REQUIREMENT: Wherever the string "wearing" turns up in the data, copy the whole line.

DATA SUPPLIED:
################

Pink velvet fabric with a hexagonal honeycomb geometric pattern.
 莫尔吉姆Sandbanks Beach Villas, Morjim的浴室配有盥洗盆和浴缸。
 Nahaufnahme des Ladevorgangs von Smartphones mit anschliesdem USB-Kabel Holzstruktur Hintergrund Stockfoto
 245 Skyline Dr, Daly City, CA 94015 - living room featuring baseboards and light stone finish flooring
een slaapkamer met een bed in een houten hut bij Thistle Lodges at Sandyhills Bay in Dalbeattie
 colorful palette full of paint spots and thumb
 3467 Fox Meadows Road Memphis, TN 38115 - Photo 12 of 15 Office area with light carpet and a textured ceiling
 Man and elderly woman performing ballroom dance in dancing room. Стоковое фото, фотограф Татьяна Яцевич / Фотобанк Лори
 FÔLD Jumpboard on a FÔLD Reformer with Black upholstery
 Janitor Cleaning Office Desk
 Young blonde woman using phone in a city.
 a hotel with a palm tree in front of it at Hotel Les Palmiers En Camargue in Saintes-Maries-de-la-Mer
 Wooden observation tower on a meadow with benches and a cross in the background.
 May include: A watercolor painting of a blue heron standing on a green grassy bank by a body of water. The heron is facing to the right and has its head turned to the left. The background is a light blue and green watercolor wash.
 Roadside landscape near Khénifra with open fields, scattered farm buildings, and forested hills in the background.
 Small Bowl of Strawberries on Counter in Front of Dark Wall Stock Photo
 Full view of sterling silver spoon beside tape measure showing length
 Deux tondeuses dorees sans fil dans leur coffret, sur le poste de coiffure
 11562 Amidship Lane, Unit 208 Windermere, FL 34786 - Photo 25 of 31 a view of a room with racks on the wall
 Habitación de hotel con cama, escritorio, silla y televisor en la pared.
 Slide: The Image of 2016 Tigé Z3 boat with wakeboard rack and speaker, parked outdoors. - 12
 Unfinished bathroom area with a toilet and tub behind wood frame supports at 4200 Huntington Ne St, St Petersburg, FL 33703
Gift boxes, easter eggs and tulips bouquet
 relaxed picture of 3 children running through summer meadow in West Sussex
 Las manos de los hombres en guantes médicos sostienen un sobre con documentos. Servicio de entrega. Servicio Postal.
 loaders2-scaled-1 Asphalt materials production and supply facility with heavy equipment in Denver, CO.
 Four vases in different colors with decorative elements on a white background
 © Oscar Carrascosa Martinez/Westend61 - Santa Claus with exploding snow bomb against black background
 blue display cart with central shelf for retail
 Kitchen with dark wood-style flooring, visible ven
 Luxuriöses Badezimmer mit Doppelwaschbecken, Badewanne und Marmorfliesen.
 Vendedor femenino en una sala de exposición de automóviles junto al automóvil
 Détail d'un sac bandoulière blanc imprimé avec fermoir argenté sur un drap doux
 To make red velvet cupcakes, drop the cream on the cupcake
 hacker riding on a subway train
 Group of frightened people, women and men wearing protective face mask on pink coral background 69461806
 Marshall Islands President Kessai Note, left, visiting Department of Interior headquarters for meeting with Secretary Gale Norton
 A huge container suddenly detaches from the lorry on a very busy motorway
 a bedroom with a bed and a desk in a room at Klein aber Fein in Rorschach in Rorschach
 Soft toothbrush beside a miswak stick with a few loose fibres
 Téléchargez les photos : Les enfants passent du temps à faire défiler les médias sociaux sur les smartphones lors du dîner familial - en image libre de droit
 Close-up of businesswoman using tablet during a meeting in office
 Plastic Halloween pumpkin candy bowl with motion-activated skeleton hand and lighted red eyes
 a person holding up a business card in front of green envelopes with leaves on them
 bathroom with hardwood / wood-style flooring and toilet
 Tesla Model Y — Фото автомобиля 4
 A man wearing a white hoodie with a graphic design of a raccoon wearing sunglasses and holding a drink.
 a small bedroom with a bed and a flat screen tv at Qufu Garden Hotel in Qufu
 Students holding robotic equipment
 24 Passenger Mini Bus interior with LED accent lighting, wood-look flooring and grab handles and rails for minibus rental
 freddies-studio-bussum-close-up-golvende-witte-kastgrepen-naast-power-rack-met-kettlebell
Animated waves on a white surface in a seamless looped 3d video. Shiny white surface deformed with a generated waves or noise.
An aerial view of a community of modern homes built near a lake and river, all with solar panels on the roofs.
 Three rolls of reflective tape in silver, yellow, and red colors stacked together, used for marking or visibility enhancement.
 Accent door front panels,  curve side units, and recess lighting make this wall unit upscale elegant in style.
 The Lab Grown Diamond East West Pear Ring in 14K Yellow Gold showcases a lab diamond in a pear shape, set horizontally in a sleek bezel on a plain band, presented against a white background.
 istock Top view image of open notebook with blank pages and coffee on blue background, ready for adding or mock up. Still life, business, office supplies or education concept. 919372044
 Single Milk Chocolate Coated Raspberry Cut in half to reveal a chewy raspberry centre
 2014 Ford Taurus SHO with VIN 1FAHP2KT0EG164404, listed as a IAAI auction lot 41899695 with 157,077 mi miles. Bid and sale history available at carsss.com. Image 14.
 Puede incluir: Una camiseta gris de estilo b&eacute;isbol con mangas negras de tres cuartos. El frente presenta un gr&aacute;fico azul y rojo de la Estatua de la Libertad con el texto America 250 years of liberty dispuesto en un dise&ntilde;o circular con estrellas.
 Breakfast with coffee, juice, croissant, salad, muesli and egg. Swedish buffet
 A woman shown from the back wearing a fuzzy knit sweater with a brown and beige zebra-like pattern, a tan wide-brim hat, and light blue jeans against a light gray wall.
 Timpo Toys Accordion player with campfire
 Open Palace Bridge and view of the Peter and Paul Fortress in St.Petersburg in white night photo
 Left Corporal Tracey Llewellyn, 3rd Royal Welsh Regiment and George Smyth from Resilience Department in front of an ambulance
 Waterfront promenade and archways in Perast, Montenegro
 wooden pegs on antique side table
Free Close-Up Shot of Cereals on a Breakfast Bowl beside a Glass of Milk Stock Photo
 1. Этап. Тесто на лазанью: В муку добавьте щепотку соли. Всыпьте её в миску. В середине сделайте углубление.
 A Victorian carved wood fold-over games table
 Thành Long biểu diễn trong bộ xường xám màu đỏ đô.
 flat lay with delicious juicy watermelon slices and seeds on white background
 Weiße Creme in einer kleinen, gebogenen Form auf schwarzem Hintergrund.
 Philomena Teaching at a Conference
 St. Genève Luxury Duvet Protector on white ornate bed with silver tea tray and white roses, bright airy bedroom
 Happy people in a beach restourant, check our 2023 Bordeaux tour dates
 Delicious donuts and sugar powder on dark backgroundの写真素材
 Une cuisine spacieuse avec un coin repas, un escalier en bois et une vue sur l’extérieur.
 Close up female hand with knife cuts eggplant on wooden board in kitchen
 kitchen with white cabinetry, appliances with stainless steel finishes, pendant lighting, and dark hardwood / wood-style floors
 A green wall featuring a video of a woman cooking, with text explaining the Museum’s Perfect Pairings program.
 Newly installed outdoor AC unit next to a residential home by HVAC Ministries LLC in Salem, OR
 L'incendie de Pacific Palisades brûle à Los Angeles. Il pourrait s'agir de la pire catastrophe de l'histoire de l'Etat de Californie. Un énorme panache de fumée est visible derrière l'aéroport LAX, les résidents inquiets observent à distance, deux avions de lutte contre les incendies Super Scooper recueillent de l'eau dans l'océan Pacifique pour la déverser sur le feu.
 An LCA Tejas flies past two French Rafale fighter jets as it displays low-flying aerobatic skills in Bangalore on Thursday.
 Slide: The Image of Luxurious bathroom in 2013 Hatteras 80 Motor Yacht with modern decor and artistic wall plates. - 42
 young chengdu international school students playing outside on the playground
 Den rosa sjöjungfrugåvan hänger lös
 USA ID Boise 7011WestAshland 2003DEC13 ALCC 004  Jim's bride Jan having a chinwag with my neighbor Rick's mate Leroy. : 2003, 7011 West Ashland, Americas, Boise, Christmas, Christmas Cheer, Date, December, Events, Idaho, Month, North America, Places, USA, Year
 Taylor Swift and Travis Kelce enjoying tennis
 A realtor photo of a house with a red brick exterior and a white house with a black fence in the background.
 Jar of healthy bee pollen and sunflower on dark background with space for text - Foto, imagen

################

SOLUTION FOR THIS PROBLEM:
 Group of frightened people, women and men wearing protective face mask on pink coral background 69461806
 A man wearing a white hoodie with a graphic design of a raccoon wearing sunglasses and holding a drink.
 A woman shown from the back wearing a fuzzy knit sweater with a brown and beige zebra-like pattern, a tan wide-brim hat, and light blue jeans against a light gray wall.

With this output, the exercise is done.